'Borrowing' Comfort From the Folks Upstairs
THE old house, 179 years old this year, is sheltering a new young couple upstairs. And we downstairs are beginning a period of discovery, of learning little by little, in chance meetings at the door, what they are like. We are still in the polite stage of "hello" and "how are you?" and they are an unopened book. But they are there. And there are light young feet running up and down the back stairs, the flash of a smile as we meet. We feel a certain exhilaration of beginning again. The apartment was empty for about a month, and a deep silence settled on the house. There were no footsteps crossing the wide boards over our heads, no sounds of a stereo, cries of a baby, or strange thumps that go with living. Perhaps it should have been a relief. But to me it was lonely.
We have owned the house for 35 years and can recall all the different couples, their babies brought home from the hospital or the children who moved in with them. They usually stayed three or four years until they bought their own houses. Even in that short time we got to know them well, taking part in their emergencies and rejoicing in their successes.
The tenants have always been young, but now we feel more like their parents than their contemporaries.
Living upstairs now are Bob and Sunny and their dog, Max, and cat, Mocha. He is a student of music and she has a part-time job. The apartment is nearly empty, but they have big plans and have been known to spend hours refinishing a sturdy dining room table. They once asked if we thought $20 was high for a roll of paper for the dining room. We gasped when they offered to pay half.
We add them to the collage of young faces, some of them our age now, who have occupied the second floor. One of the earliest and dearest couples used to tap on the steam pipe to summon us upstairs for coffee. Oftentimes, when we were watching TV, they would knock on the door to ask, "What are you laughing at down here? We can't stand it." They didn't have a TV, so we'd invite them in; and the program would seem twice as funny because they had joined us.

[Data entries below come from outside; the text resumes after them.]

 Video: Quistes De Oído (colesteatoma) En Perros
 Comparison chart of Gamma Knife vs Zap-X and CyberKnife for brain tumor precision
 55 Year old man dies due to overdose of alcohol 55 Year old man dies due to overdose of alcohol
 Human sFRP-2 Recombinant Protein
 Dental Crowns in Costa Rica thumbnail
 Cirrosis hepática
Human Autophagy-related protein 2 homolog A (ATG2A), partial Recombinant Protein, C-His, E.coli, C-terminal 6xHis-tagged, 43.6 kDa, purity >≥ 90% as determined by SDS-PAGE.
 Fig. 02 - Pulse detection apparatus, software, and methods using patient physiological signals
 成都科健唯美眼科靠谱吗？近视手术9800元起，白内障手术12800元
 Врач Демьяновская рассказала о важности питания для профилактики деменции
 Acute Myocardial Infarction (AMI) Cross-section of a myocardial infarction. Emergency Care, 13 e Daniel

Most of the tenants have borrowed from us at one time or another, and we have had an easy system of four slices of bread equaling a stick of margarine or a cup of sugar canceling out a cup of flour. This backstairs exchange has created a cozy feeling of friendship.
Our borrowing and returning has made us feel not like two separate families but like two halves of one family. On many cold nights with sleet pelting the windows and a fire blazing in the fireplace, it has been nice to know that there was someone nearby. We'd often get together to "borrow" comfort from each other in our slippers and old clothes while two sets of babies slept within hearing distance.

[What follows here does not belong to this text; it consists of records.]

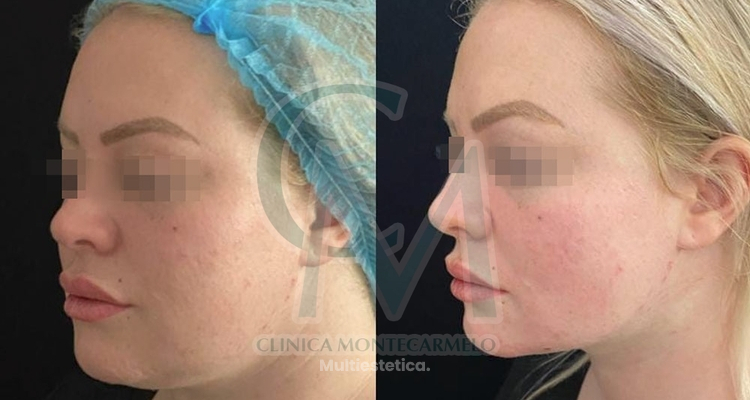 La Bichectomía y Lipofilling facial: Redefiniendo el rostro con naturalidad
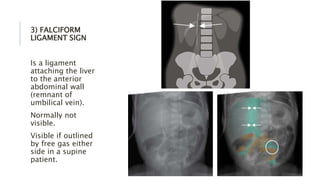 3) FALCIFORM
LIGAMENT SIGN
Is a ligament
attaching the liver
to the anterior
abdominal wall
(remnant of
umbilical vein).
Normally not
visible.
Visible if outlined
by free gas either
side in a supine
patient.
 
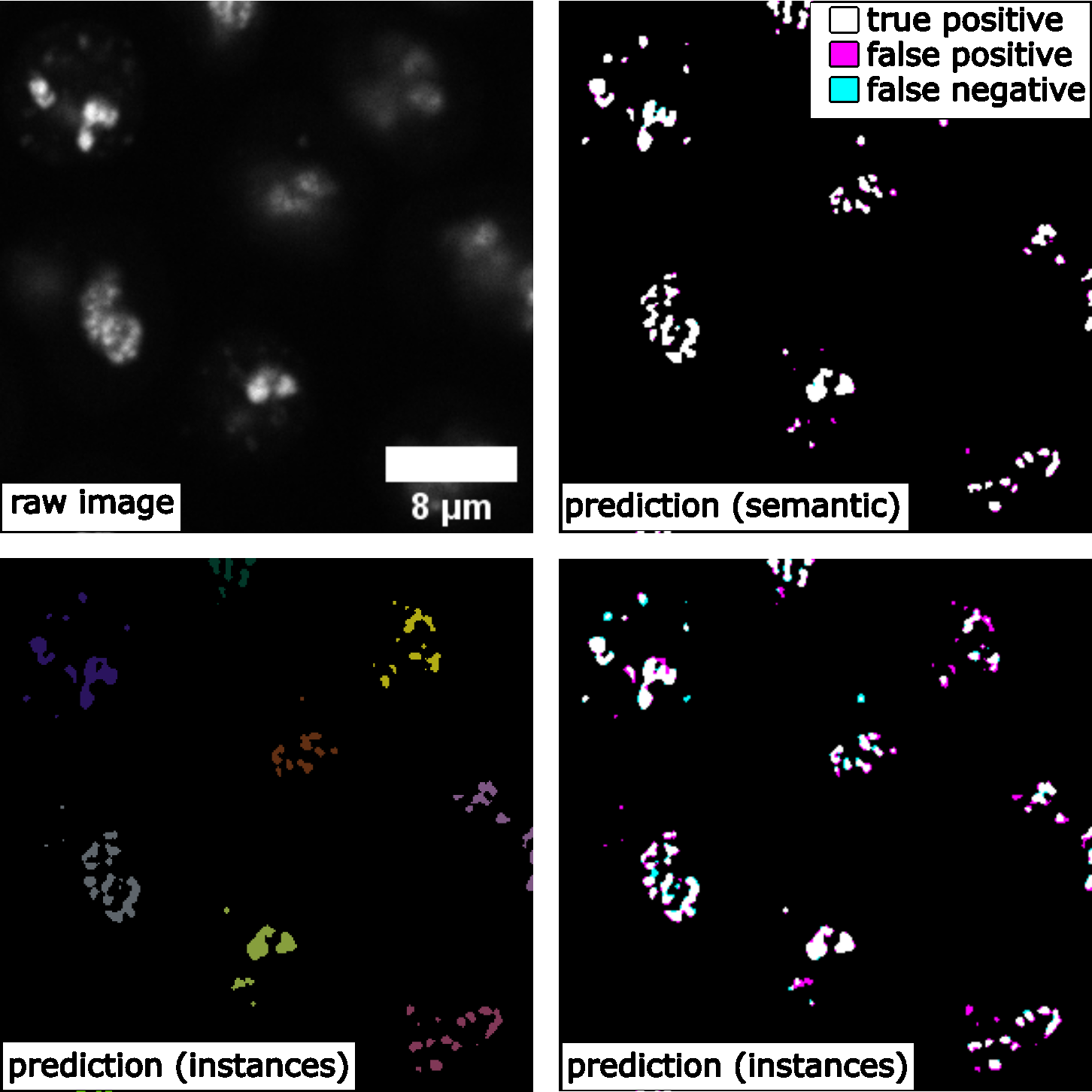 Figure 6: Comparing 3D semantic segmentation and 3D instance segmentation results on confocal microscopy images of fibrillarin (showing a middle Z-slice of a 3D stack). Shown are the raw image, the prediction of the instance segmentation, and for both segmentations a mask that gives an overview of true positive, false negative, and false positive pixels.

We have only once rented the two-bedroom apartment to a family with more than two children. Our real estate friend asked if we would consider taking a couple with six children whose new home was not quite finished and whose former house had already sold. He said it would only be for a few months, and that he could guarantee the children were well behaved. But ... six boys and girls between the ages of three and 12 running up and down the stairs? After some hesitation, we decided to talk with them.
A few months later, with handclasps and kisses we bade farewell to the eight of them, a most remarkable family. During the months there had been no screaming, no quarreling, only laughter and quiet sounds. We fell completely in love with their littlest girl and enjoyed delicious dishes that they shared with us in return for our shelter.

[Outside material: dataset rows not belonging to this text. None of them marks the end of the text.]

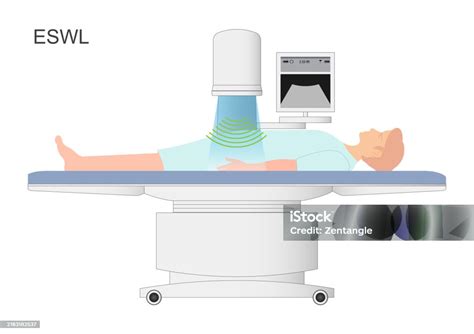Ultrahangos kőzúzás (ESWL) folyamata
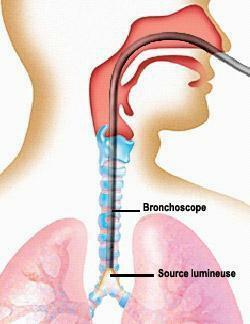 Au cours de l'examen il est possible de prélever un peu de tissu bronchique à l'aide d'une petite pince introduite dans le canal du fribroscope ; cela s'appelle une biopsie, ce n'est pas un acte
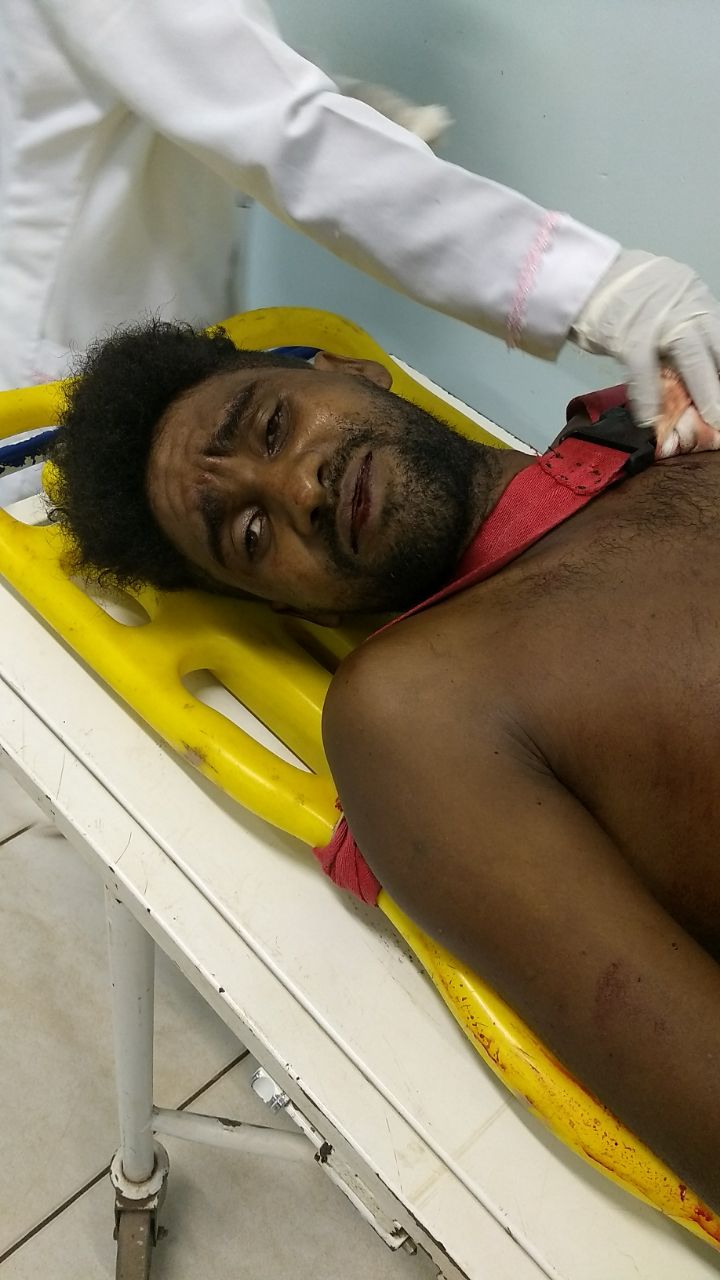 TENTATIVA DE HOMICÍDIO EM CODÓ NA MADRUGADA DE HOJE DIA 05.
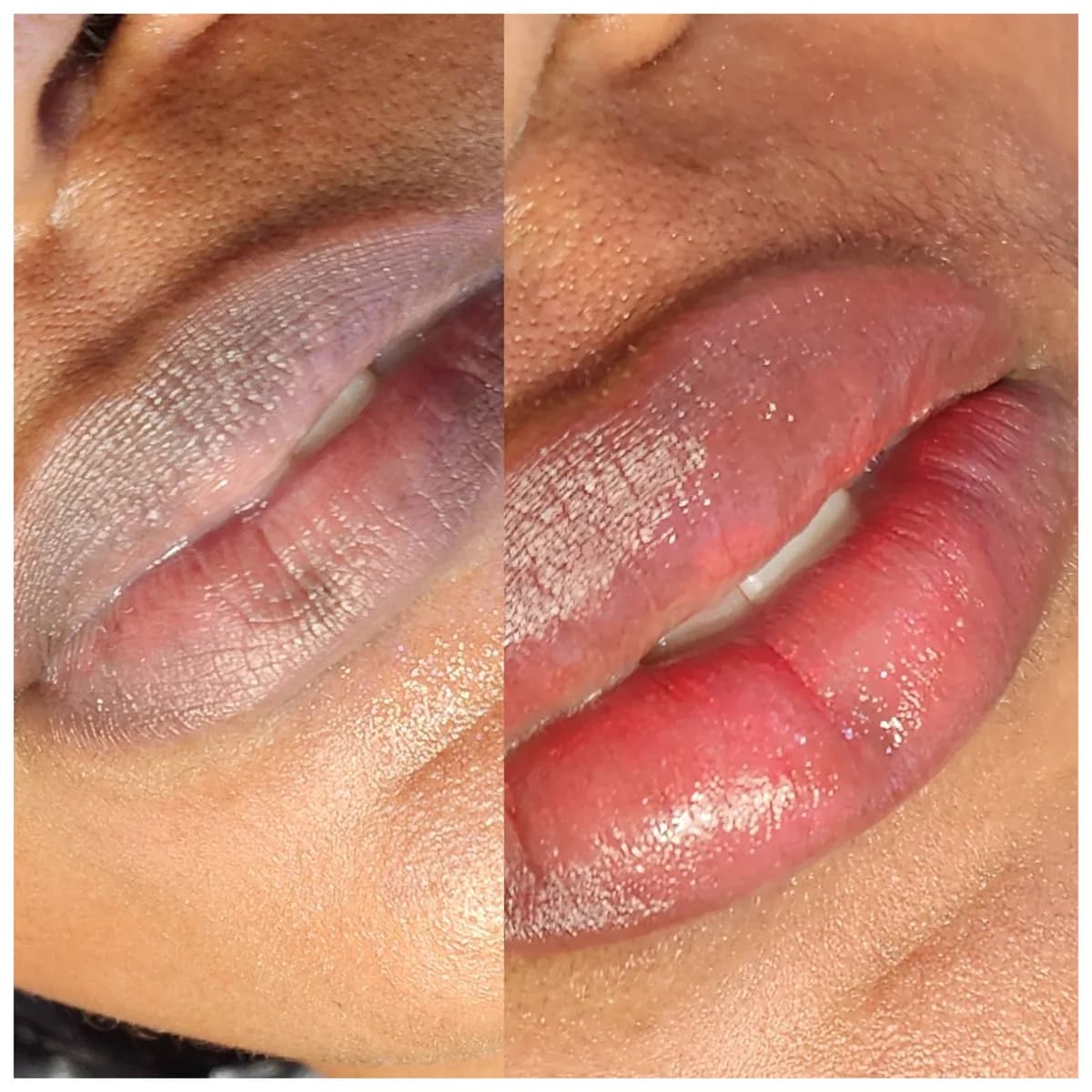 Before and after: Healed · Lip hyperpigmentation treatment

Anyone who has always lived in a cottage or in a large apartment house cannot know the intimacy of a two-family house. If you hear footsteps and water running at 3 a.m. you wonder if someone is ill or if it is time for the baby, and in the hush you wave at the window as their car starts up.
You learn that most people live up to what you expect or hope of them and that problems that drive you to distraction and always seem to come at the worst time do get solved and even laughed at later.
At times I have daydreamed of throwing a big party and inviting everyone who has shared the house. I can see Phyllis talking to Nancy and Bob about their grandchildren while Louis and Marcella recall Christmas Eve parties. Helen would be without Vernon, and that would be sad. Tom and Jean would meet John and Pat; they must both have grown-up children now. Then there would be a crowd of younger ones, the single nurse and the single teacher who shared the rooms followed by Mark and Jim, our first and only
experience, a noisy one, of two young men upstairs.
It would be a great time of story swapping and "do you remember... ?" and "wasn't it awful when... ?" and "do you ever hear from... ?"
I'm sure they have all left a little bit of themselves here, a first home for many. This old house and the people downstairs must occupy a little niche in their memories too.